I always knew men and women were different and I of course don’t just mean physically! But it wasn’t until I fell pregnant and our journey to parenthood began that I realised just how far apart my thinking was from my husband’s.
Or should that be how far HIS thinking was from mine!
Instantly there was a mummy organisation switch flicked in my brain and I wanted to talk baby names, baby furniture, wall colours, wall stickers, different nursery themes, you know all the usual baby stuff.
In the beginning hubby indulged me with the baby name talk until I got frustrated at his constant reply of no and his lack of input, which I’m convinced was just a tactic to shut me up.
But when it came to the nursery he put his foot down early and said I wasn’t to go nursery shopping until after 20 weeks. Ok, so I admit wanting to deck out the nursery at 7 weeks was a tad early and hubby was just trying to be sensible. Or should I say trying to get me to be sensible. Plus we were heading overseas for 8 weeks.
So of course the minute we arrived back in Oz, I was 23 weeks, we went furniture shopping. To my surprise we agreed on everything!
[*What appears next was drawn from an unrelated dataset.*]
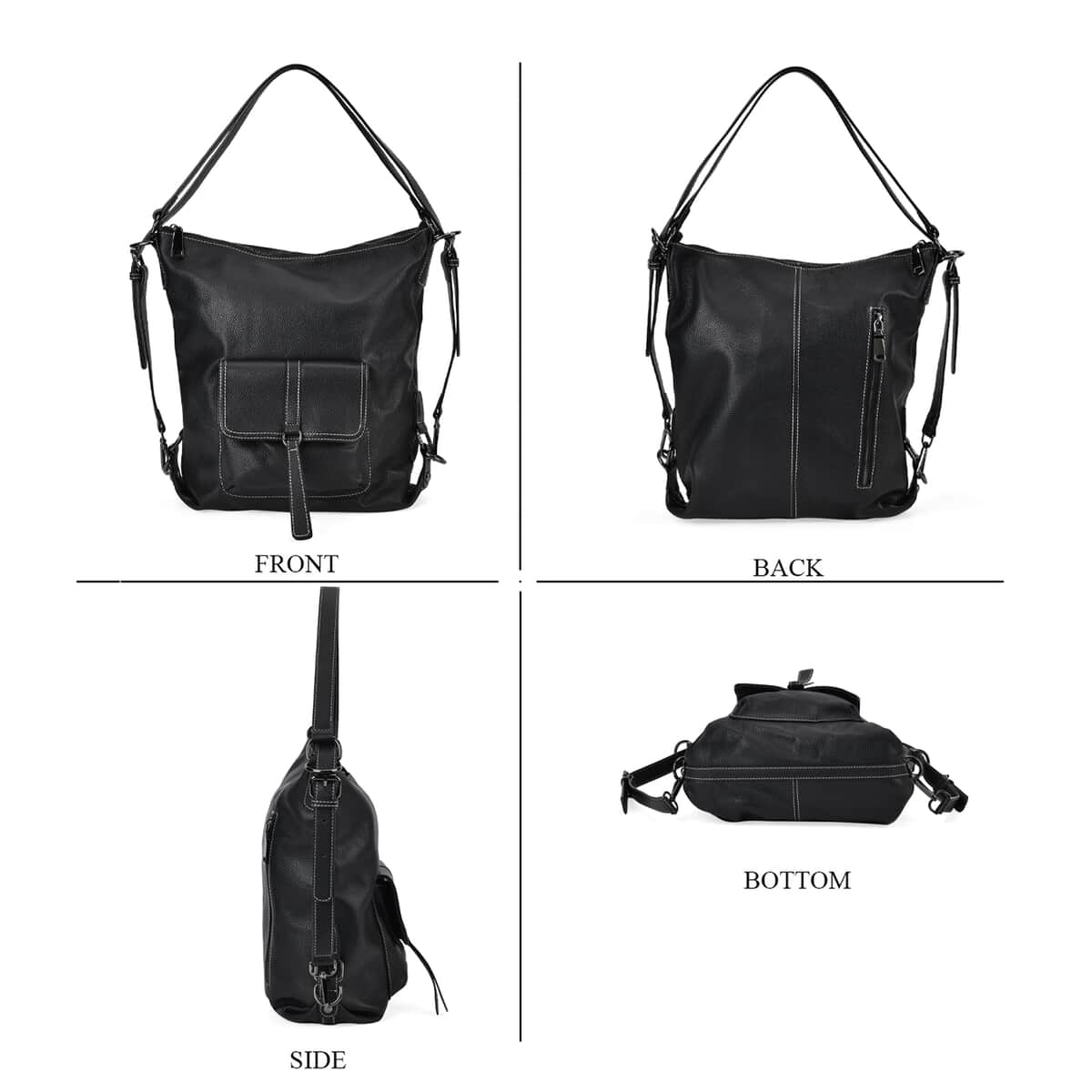 Black Multi-Purpose 2-in-1 Genuine Leather Crossbody Bag with Adjustable Straps image number 1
But what we didn’t agree on was the decorating part. Hubby saw no need for a feature wall or any paint of any description (the room is all white). He also saw no need for any wall stickers.
‘Why ruin a perfectly good bedroom for a tiny baby who isn’t even going to know what is in its room’ said my darling husband.
Followed by ‘decorating the nursery is not for the baby at all, it’s purely for the mum’!
Well whaddya know something we actually agree on! Yes decorating the nursery may be for the mum, but who cares! It’s all part of the journey.
Thankfully we agreed on a Peter Rabbit ‘theme’ and the room does look lovely and simple, with Peter Rabbit pictures on the wall (I was allowed to put holes in the wall!), the complete set of Peter Rabbit books, toys and linen.
Our next male/female clash was the good old debate over baby brain. Yep you probably guessed it, hubby decided that it didn’t exist.
‘Doesn’t exist my arse’ I do believe was my response after I found myself unable to leave the house without a list of what I had to do and where I was going, otherwise I’d be driving aimlessly around Newcastle.
So the baby brain debate continued until hubby could no longer deny what he had been witnessing with his own two eyes and listening to with his own two ears.
I was literally unable to choose a bottle of orange juice in the supermarket the other day while hubby impatiently help up a check-out.
I was apparently driving like a ‘nanna’ in my own little world but hubby didn’t dare say anything at the time.
And the final straw came when I swear hubby accused me of using his deodorant and asked me to buy him some more when I was at the supermarket next. Apparently he said shower gel not deodorant and after much arguing he declared my brain had gone to mush and I was suffering from none other than baby brain!
Horray, something we finally agreed on!
But despite our opposite ends of the baby thinking, the nursery does look lovely, we finally agree that baby brain exists, and we’ve narrowed our names down to 1 girl’s name and 2 boys names. Clearly all he needed was a bit of time!
Now. I wonder how much time it will take me to convince him that I need a ‘push present’?!